Cardiff representation at first international conference on environmental humanities in Africa

An academic from the Humanities at Cardiff University has attended two important international conferences in Nigeria, as part of the new initiatives under the new Dean of International for Africa.

As African higher education thrives, the new Dean of International for Africa role aims to provide dedicated academic leadership to the university’s partnerships and initiatives in Africa, and foster new opportunities to extend profile, reach and impact in the region.

Senior Lecturer in English Literature Dr David Shackleton has shared his latest research at two change-making new conferences: ‘Rethinking Decoloniality’ at the University of Lagos, and ‘Making and Unmaking Africa: Global Developments and Environmental Humanities’ at Osun State University.

Professor John Agbonifo of Osun State University is a founding member of the African Environmental Humanities Network and director of the Global Affairs and Sustainable Development Institute.

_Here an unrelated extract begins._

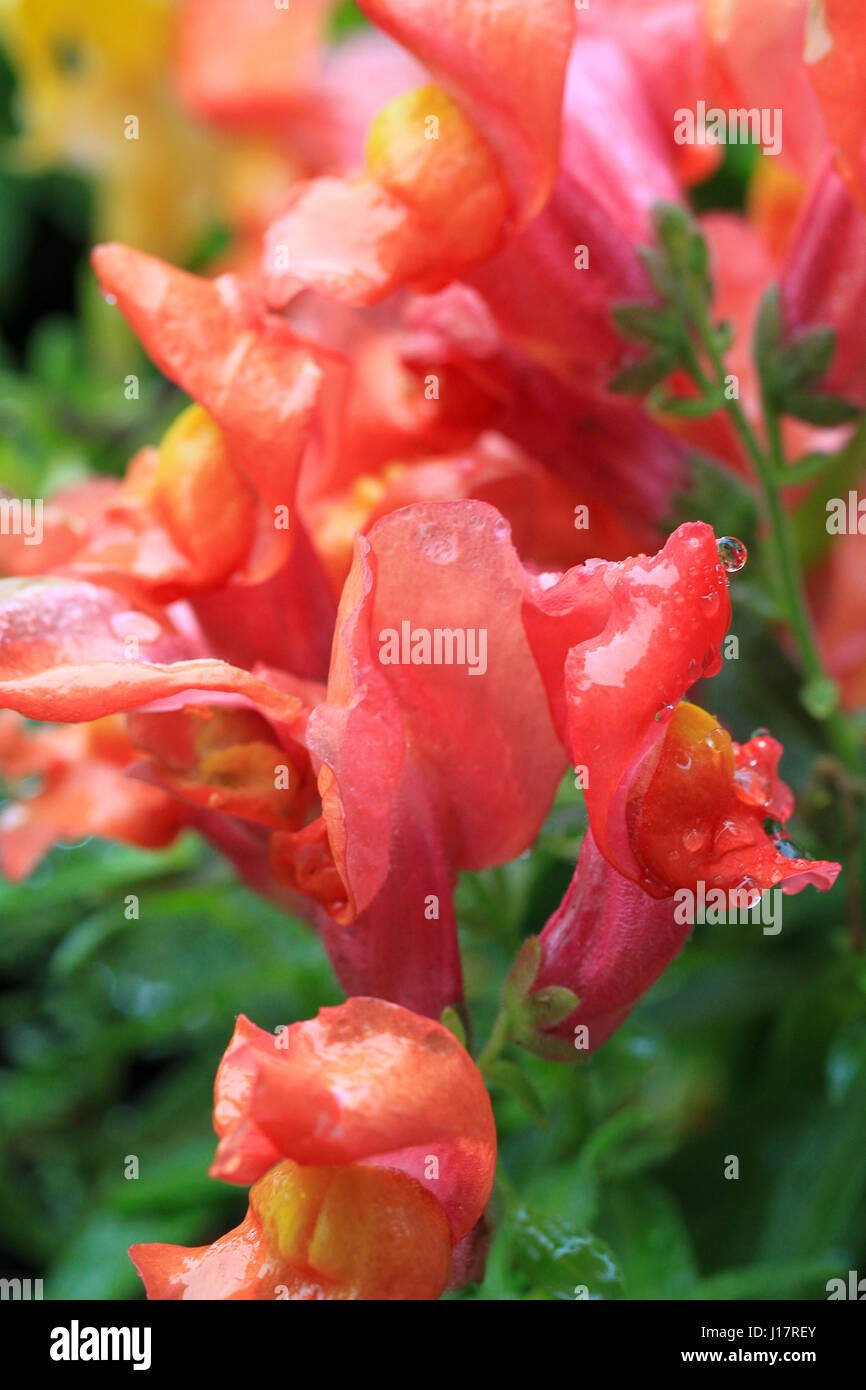 Fiori. Floreali in fiore. Belli, colorati luminosamente cool coral fiori di bocca di leone glisten con gocce di pioggia al sole dopo una pioggia di estate doccia. Foto Stock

He said:

'The first international conference on environmental humanities in Africa is significant because it provides an opportunity for African scholars, activists, and policy makers to come together to discuss the environmental challenges facing the continent, and explore insights and tools offered by environmental humanities for addressing those challenges. It provides a unique platform from which we all can contribute to building a more sustainable future for the continent'.

Professor Ambreena Manji, Dean of International for Africa at Cardiff University, said:

‘We do world class research at Cardiff and the opportunity to showcase this work is invaluable. I am delighted that as Cardiff’s inaugural Dean of International for Africa I have supported a colleague to take part in two landmark African conferences in Nigeria. I look forward to the long-term academic collaborations that will follow for Dr Shackleton and to the deepening of Cardiff’s intellectual engagement with African scholarship.’

Founder of Cardiff Environmental Cultures, which aims to foster debate between researchers, activists and the public about the current environmental emergency, Dr Shackleton discussed energy, resource extraction, sustainability and activism with policy makers and scholars on the trip.

He also shared his own research in two papers: ‘Solar Fiction: Nnedi Okorafor’s Noor, Renewable Energy, and Neo-Colonialism in Nigeria’, and ‘Planetary Fiction: Imbolo Mbue’s How Beautiful We Were, Oil, and Environmental Activism’.

The research trip reflects growing research and teaching interests in the environmental humanities across Cardiff University. Within the School of English, Communication and Philosophy, this research complements the aims of Cardiff Environmental Cultures, and introduces a comparative perspective to the Welsh Energy Humanities project.

Particularly interested in the ways in which literature engages—or fails to engage—with the current environmental crisis, Dr David Shackleton is lead on the ‘Rhetoric and Practices of Green Recovery in Cities’ research project, and author of British Modernism and the Anthropocene: Experiments with Time (OUP, 2023). His new masters module ‘”Extract This!”: World Literature, Energy, and the Environment’ is shaped by his recent work in Nigeria.